- Period: 2016-2020
- Additional host institutions: Stijn Oosterlynck (University of Antwerp) and Karel Arnaut (IMMRC, KU Leuven)
- Sites: secondary or 'mid-sized cities' in Belgium
While migration from sub-Saharan Africa to Europe is omnipresent in the media with hundreds of migrants arriving weelky in ramshackle boats on Lampedusa, the presence of African migrants in European cities seems almost invisible. The research proposal aims at visualizing the 'invisible' spaces that are occupied by sub-Saharan African migrants in secondary or 'mid-sized cities' in Belgium. The focus is on the places that are inhabited or daily used by African migrants, such as the house, church or shop. Since African migrants mostly occupy existing buildings in the city, this research will show how how they have transformed and appropriated these buildings. This will be done through a detailed study of the outside and inside of the buildings, in which attention will be given to both the physical aspects and the use of the buildings. To better understand how African migrants use and transform buildings in Belgian cities, we also look at comparable practices in their countries of origin, but also in other European countries where they have families or economic contacts. This research will also show the location of the buildings in the city to see if the settlement patterns of sub Saharan African migrants differ from more established immigrant groups, such as Turkish or Moroccan people. Finally, we will examine to what extent African migrants have, outside any government intervention, contributed to the renewal of the city, by occupying and upgrading dilapidated buildings.

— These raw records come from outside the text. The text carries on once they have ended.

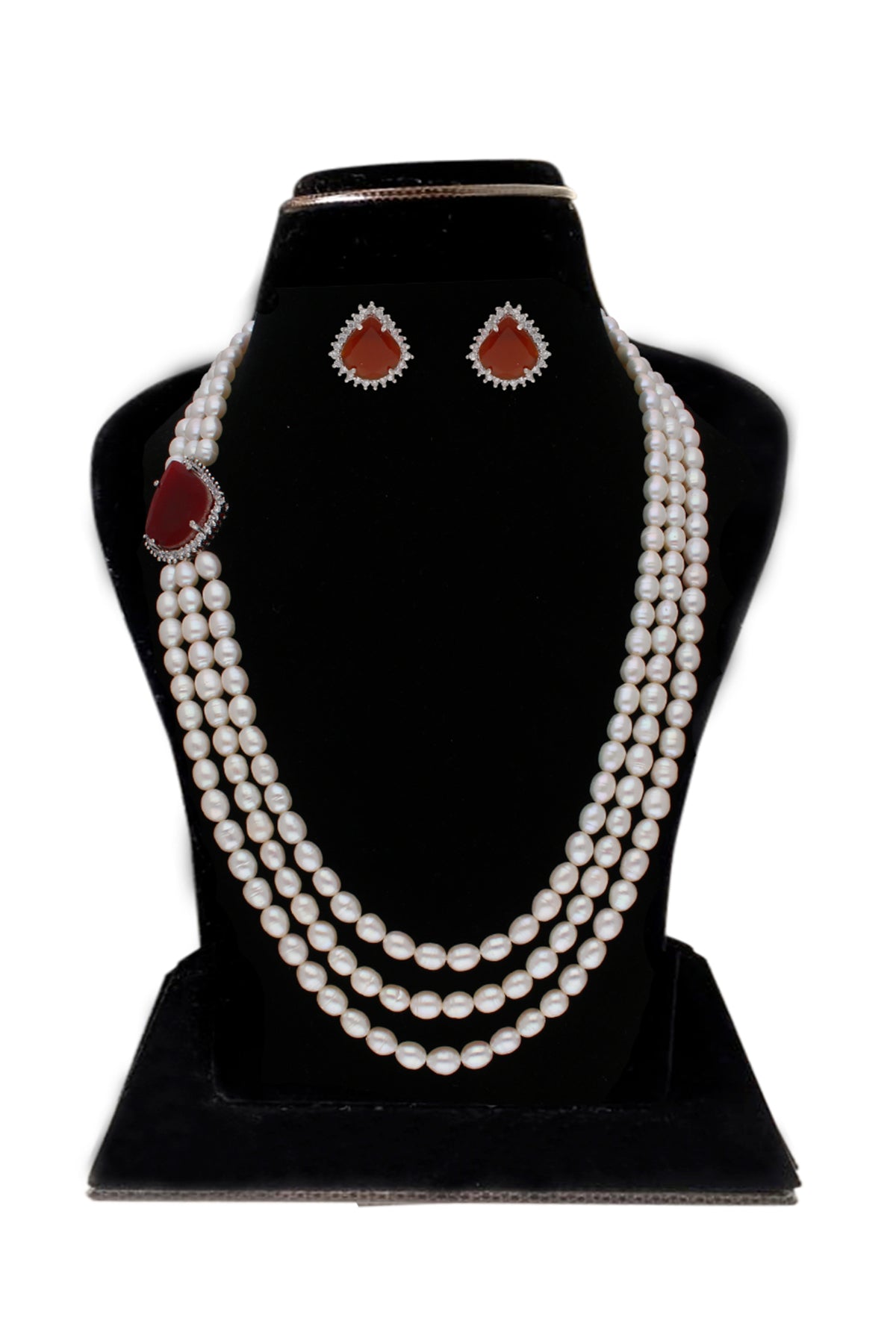 Ruby Stone Pearl Necklace Set
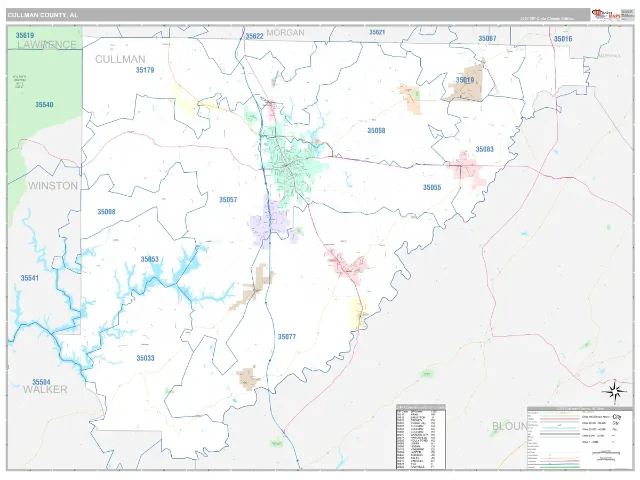 Cullman County, AL ZIP Code Wall Map, Classic style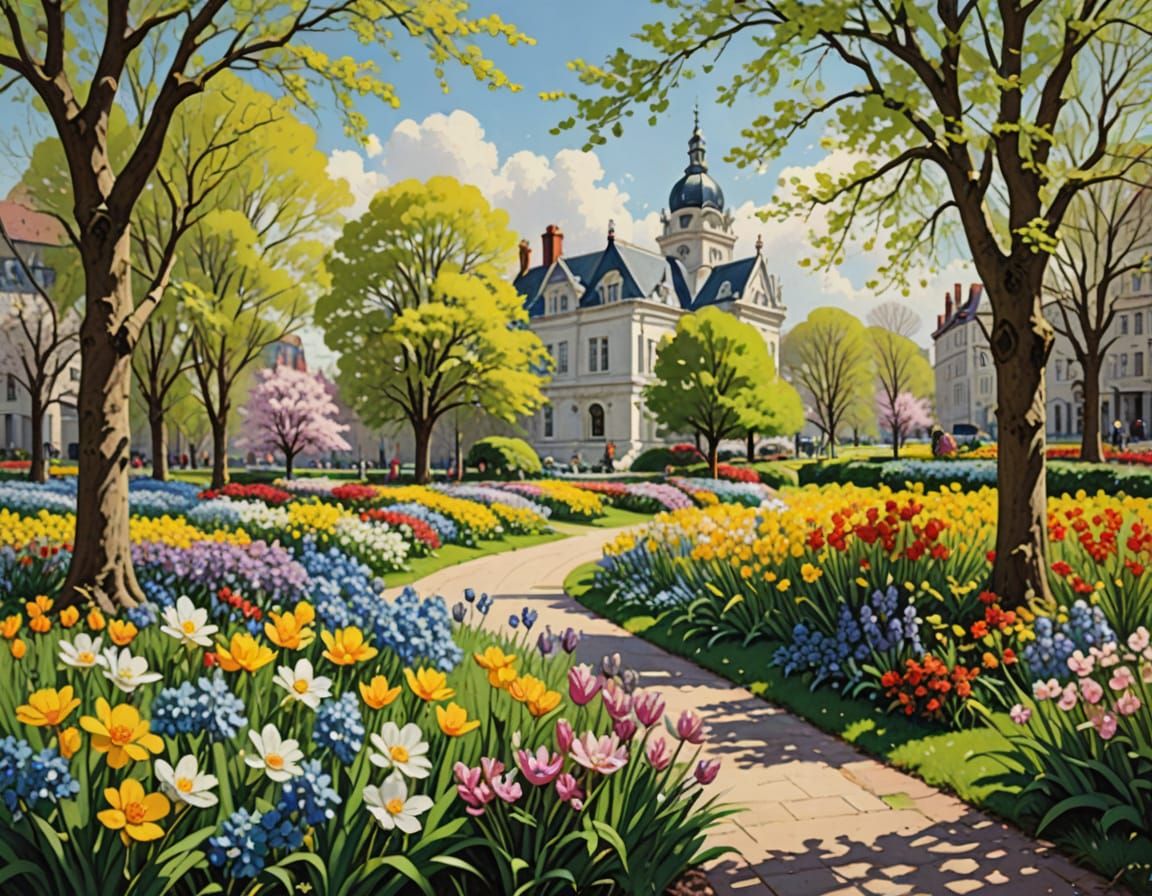 Whimsical Spring Park Scene in Vibrant Colors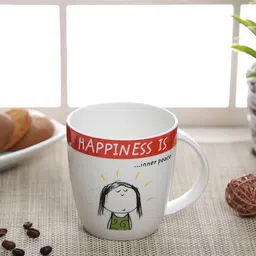 CLAY CRAFT Set of 2 White & Red Printed Ceramic Coffee Mugs-9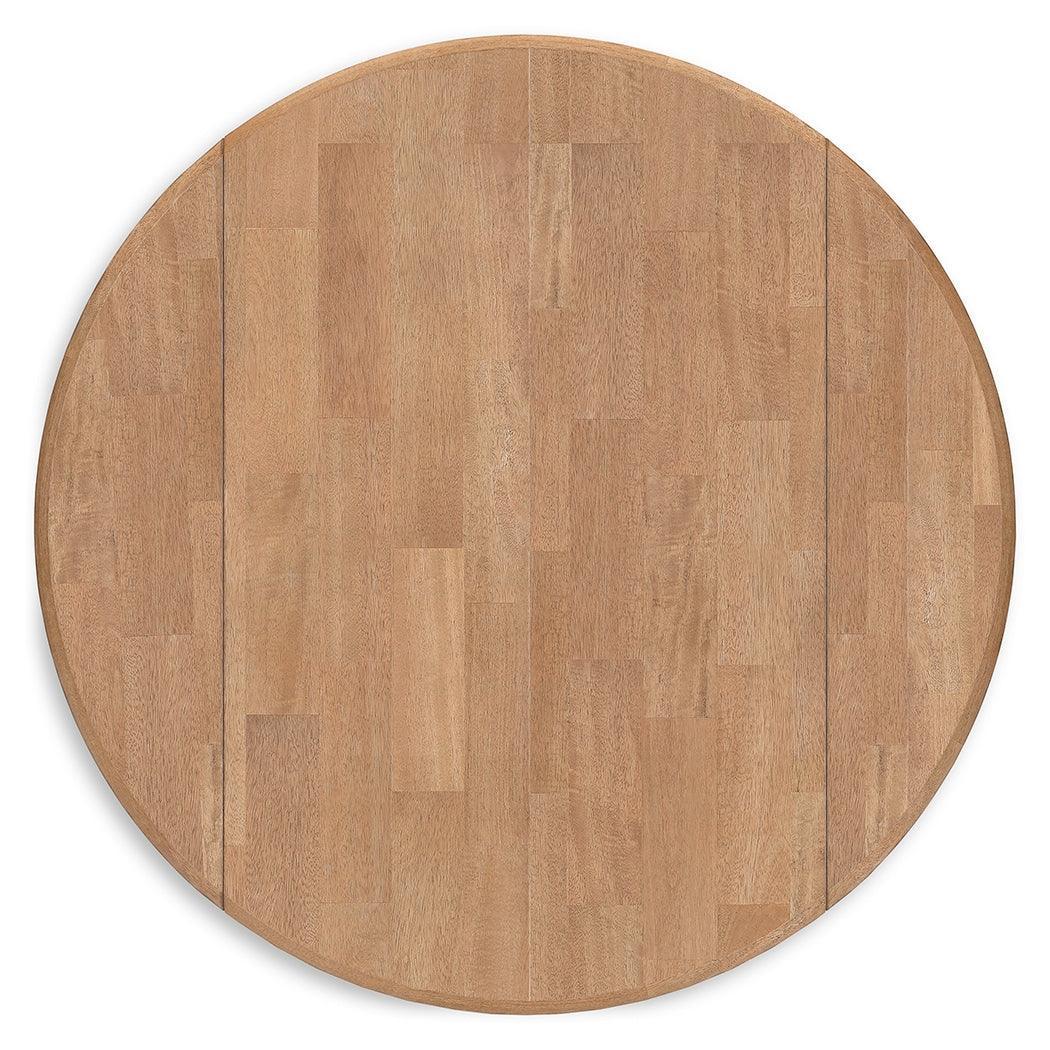 Gesthaven Natural/White Dining Drop Leaf Table - Ella Furniture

Outcomes and Societal Relevance
The outcome of the research will provide us with new and essential knowledge on (1) the architecture of everyday spaces of African migration in the mid-sized city in Belgium, as well as on (2) the transnational exchange of African place-making strageties. Moreover, this research aims to examine (3) to what extent the spaces of African migration may be considered alternative forms of urban regeneration in the mid-sized city.